How can you help businesses measure their carbon footprint? How do you generate electricity from excess heat? How can you create funding models that are uniquely geared towards companies with a tech for good mindset?

These are the types of questions Greg FitzGerald loves solving—questions he encountered in his first start-up, at Shad in 2002, and through his work supporting venture growth.

Through his firm, Venture Stem, Greg helps institutions like banks, universities, and accelerators create funding models for entrepreneurs pioneering sustainable development and cleantech.

“For a lot of these companies, they are thinking from day one what their impact is. And it’s diverse. Sometimes it’s about the number of kilowatt-hours that they can produce. Sometimes it’s about the number of people whose lives they can improve,” says Greg. “But they have a common thread, which is that they hit a limit on the extent that they can grow because they can’t go to regular banks for help. These are companies that are not profitable, so somebody needs to step up.”

Greg worked with Future of Fish, a non-profit organization with a mission to end overfishing, to bring more capital to artisanal fisheries.

Greg facilitating a panel on financing fisheries reforms at SOCAP 2018

“Artisanal fishers are not wealthy. They don’t own giant trading ships that explore the ocean. A lot of the certification schemes that have sought to create a sustainable fishing industry are not really oriented toward artisanal fisheries.”

To solve this problem, Greg developed a method to make a fishery traceable—a way to look at the supply chain as a whole to identify areas worthy of investment for more sustainable and business savvy practices.

“If we want to solve the world’s biggest problems, we have to figure out how to tap that to build a business case.”

Greg’s passion for systems design grew while studying Mechatronics Engineering at the University of Waterloo.

“I came from a small town and didn’t have exposure to a lot of careers, so I learned a little bit about the field of engineering at Shad.”

He remembers a workshop where they built paper-based Turing machines.

“It was a very complex problem and I always get really drawn in by those unsolvable, complex problems.”

While completing his MBA at the University of Oxford, Greg met a friend who would later become a co-founder of his first venture, Carbon Analytics

“We had an idea that every company should be able to very easily measure their carbon footprint. There’s no reason that that’s not a thing today. The data exists, it’s easy to write software.”

Before this formal venture, Greg remembers developing a business idea and pitch at Shad, also with a focus on environmental sustainability. His group’s idea was to extract waste heat from industrial pipes and turn it into electricity.

“It’s crazy, Shad was only a one-month thing, but in that time, we were able to come up with this concept, try to validate it a little bit, and try to prototype.”

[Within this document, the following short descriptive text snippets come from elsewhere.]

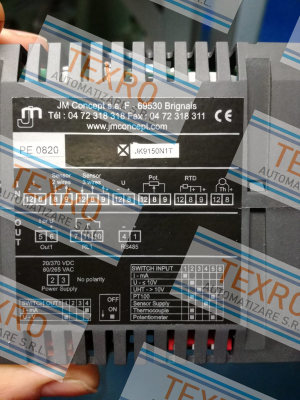 JM Concept-JK9150N1T replaced by TELIS9150U1-T price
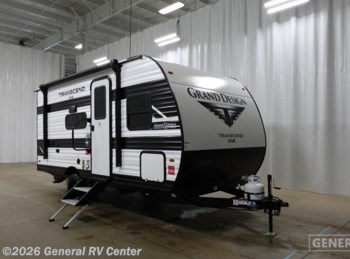 New 2027 Grand Design Transcend One 151BH available in North Canton, Ohio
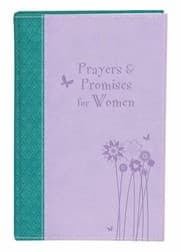 Tapa de Prayers  Promises for Women
            
                Inspirational Library Hardcover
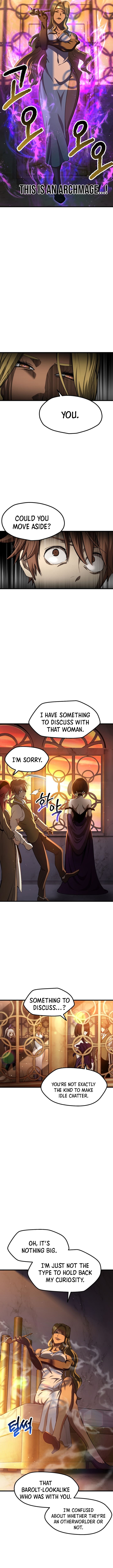 Survival Story of a Sword King in a Fantasy World Chapter 233 57 ch 233 8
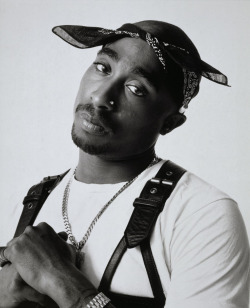 todayinhiphophistory:  Today in Hip Hop History:Tupac Shakur
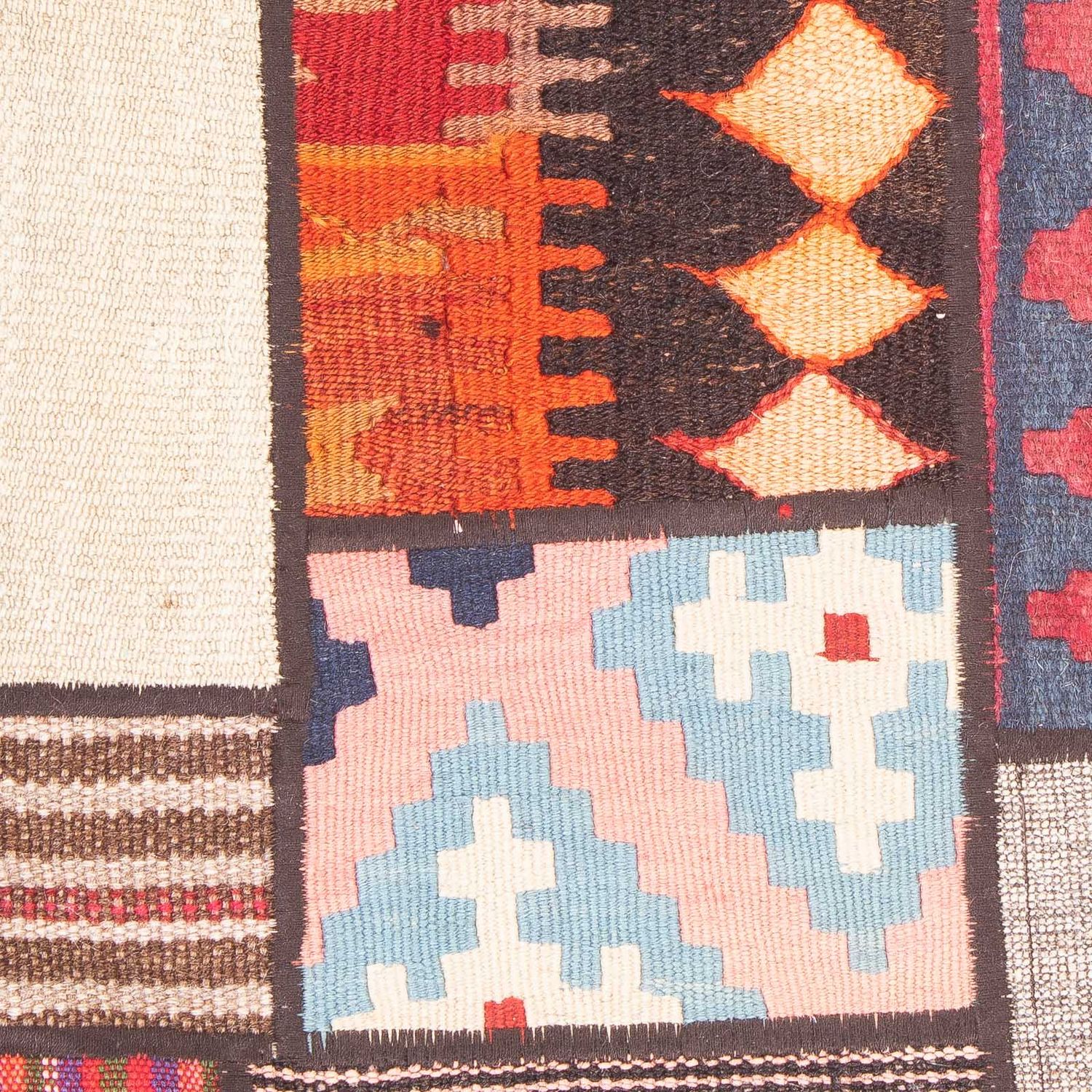 Cojines cuadrado  - 60 x 60 cm - multicolor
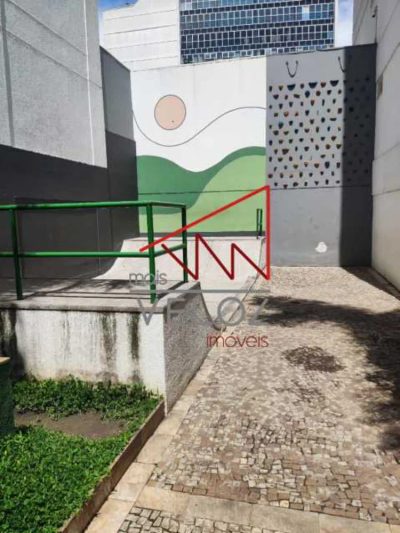 Apartamento, 1 quarto, 49 m² - Foto 2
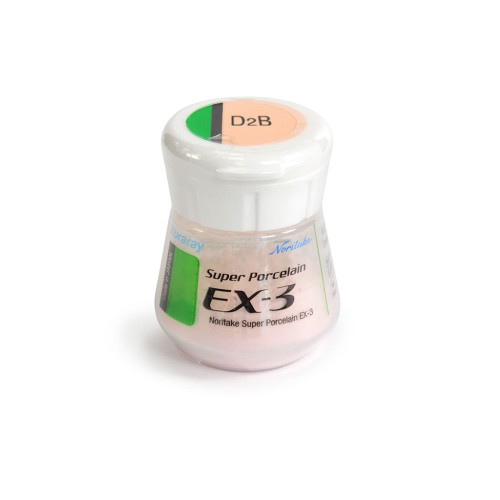 EX-3 BODY D2B 10GR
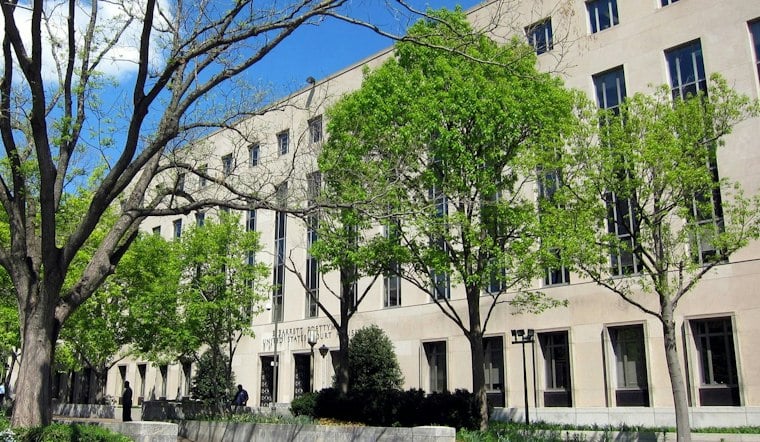 Investigative Outlet Sues ICE, CBP to Expose Names of Everyone in Secret Detention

Above his work at ventureSTEM, Greg also teaches courses on entrepreneurship, innovation, and sustainability at the University of British Columbia.

And he has advice for any student who wants to make a change through their career.

“Studying environmental sciences is not your only way to make an impact on the environment…,” says Greg. “People should absolutely keep that as a thread throughout their schooling and their career and not feel in anyway limited because there are so many angles. It’s a multifaceted problem, there’s no silver bullet solutions. Everybody needs to lend a hand.”